Exact duplicates of the lines from the top of the data through the line containing "チャコールグレー | 【着回し抜群】マルチネックスウェット | VICKY" are needed, with every picture left out.

◆ ◆ ◆

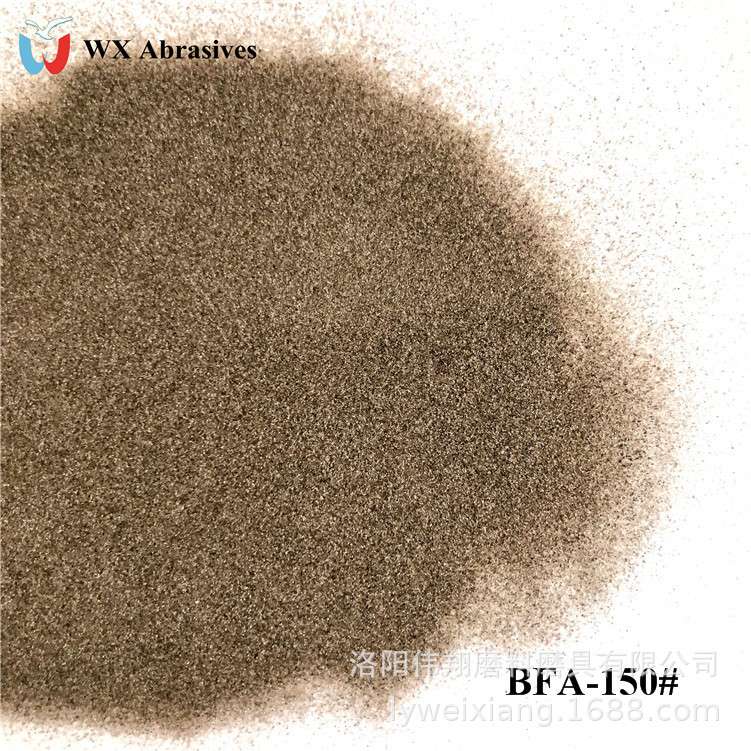 金刚砂磨料钢件铁件模具除锈轮毂喷砂喷砂机磨料一级棕刚玉150#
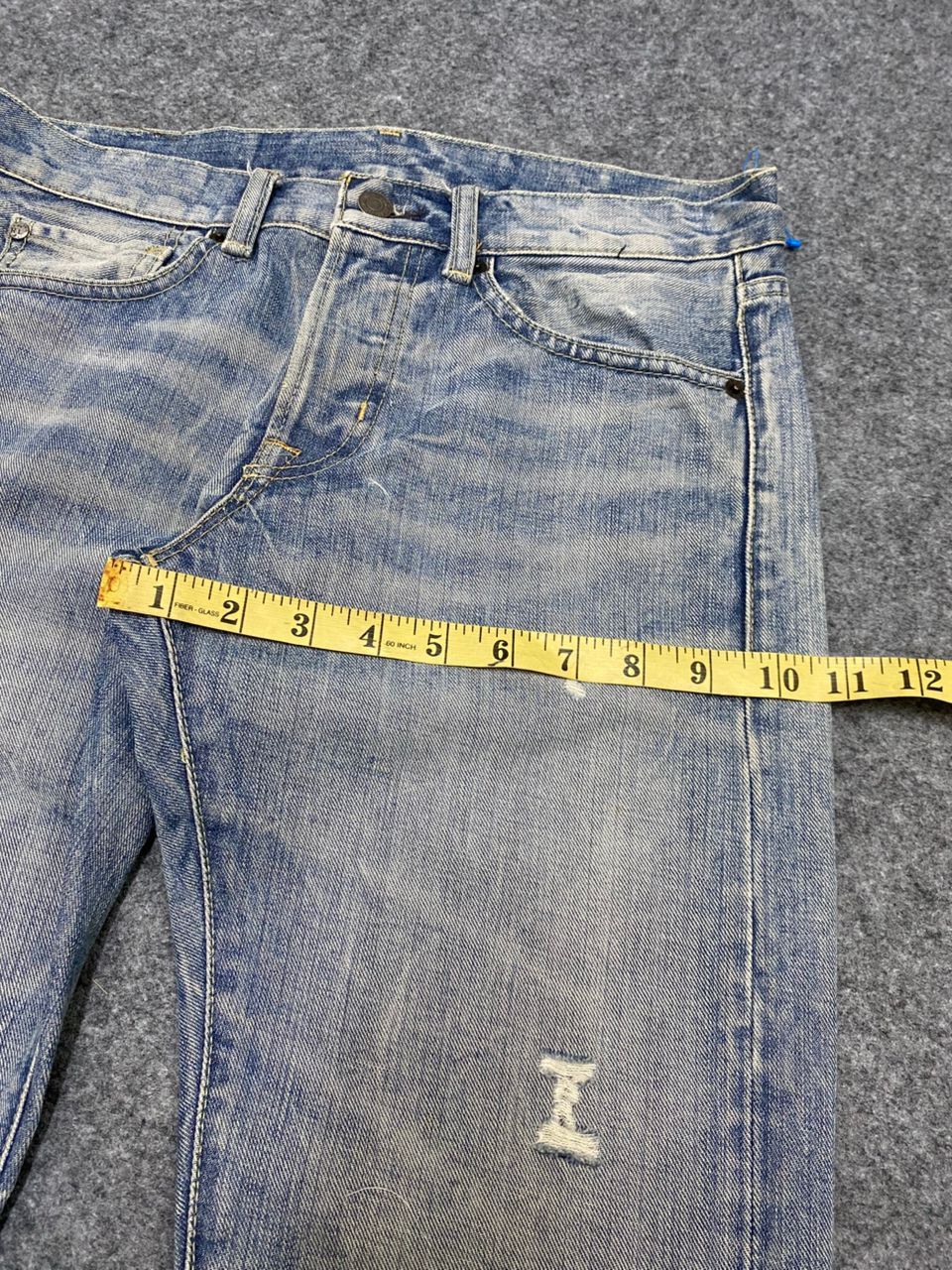 Polo Ralph Lauren Vintage 90s Ralph Lauren Slim Skinny Distressed Denim Size US 31 - 6 Thumbnail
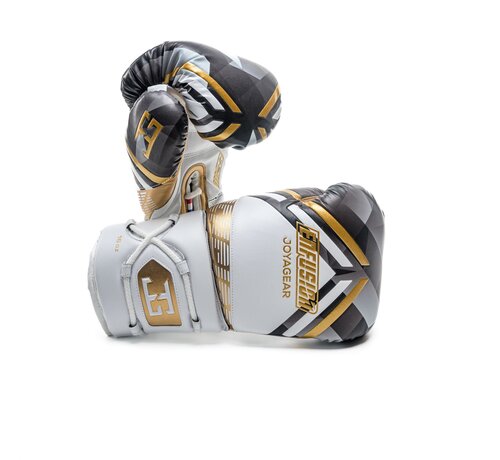 Joya Joyagear Performance Enfusion Veter Bokshandschoenen Wit/Goud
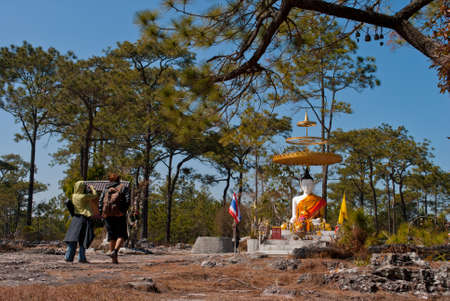 temple on mountainの写真素材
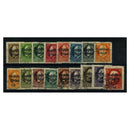 Bavaria 1919-20 People's State perf ovpt short set to 3M, cds used. SG195A-211A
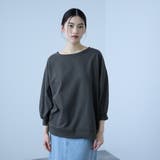 チャコールグレー | 【着回し抜群】マルチネックスウェット | VICKY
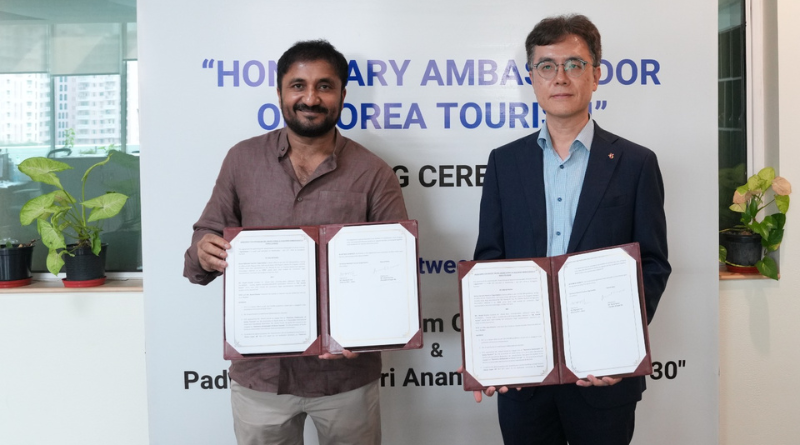 Anand Kumar was designated hon ambassador of Korean tourism.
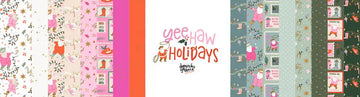 Yee-Haw Holidays - Metallic Fat Quarter Fabric Roll Yee-Haw Holidays - Metallic Fat Quarter Fabric Roll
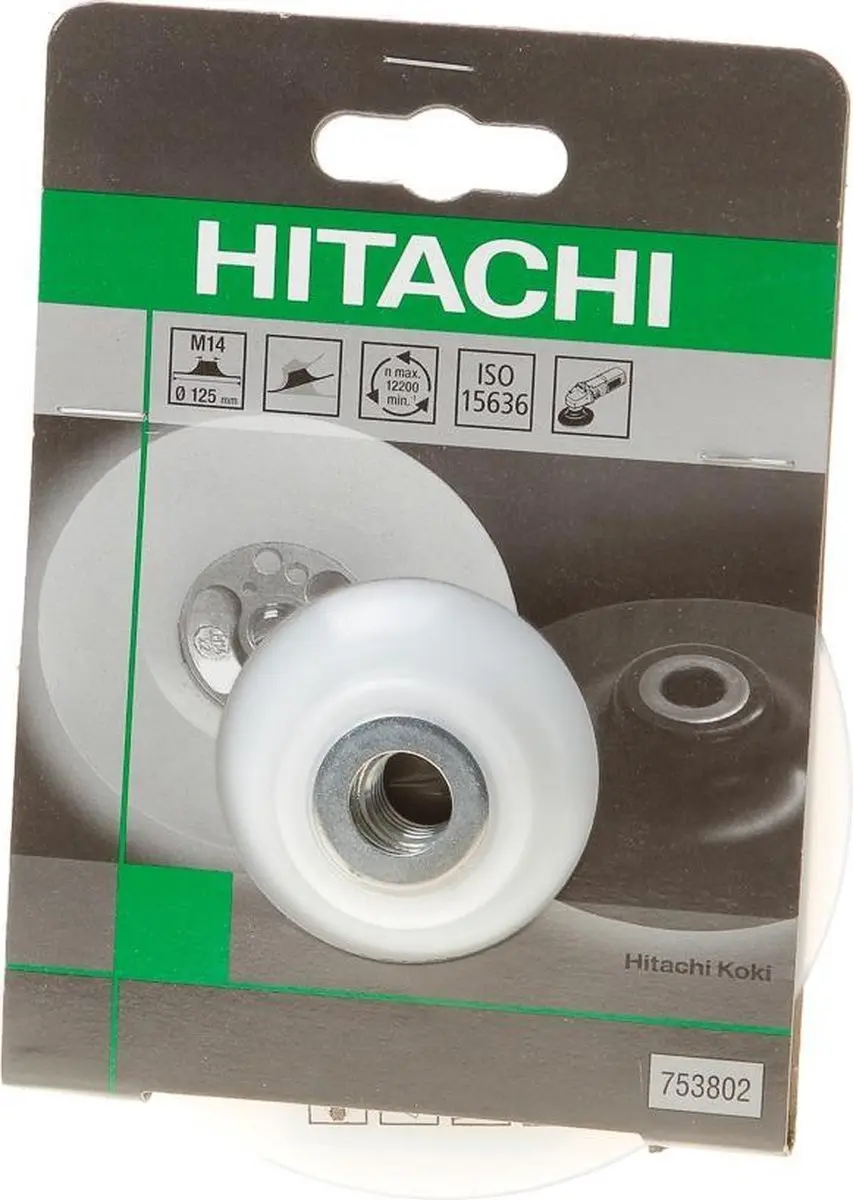 Hikoki 753802 Middelharde Steunschijf 125mm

◆ ◆ ◆

### Solution to this problem:
 金刚砂磨料钢件铁件模具除锈轮毂喷砂喷砂机磨料一级棕刚玉150#
 Polo Ralph Lauren Vintage 90s Ralph Lauren Slim Skinny Distressed Denim Size US 31 - 6 Thumbnail
 Joya Joyagear Performance Enfusion Veter Bokshandschoenen Wit/Goud
 temple on mountainの写真素材
 Bavaria 1919-20 People's State perf ovpt short set to 3M, cds used. SG195A-211A
 チャコールグレー | 【着回し抜群】マルチネックスウェット | VICKY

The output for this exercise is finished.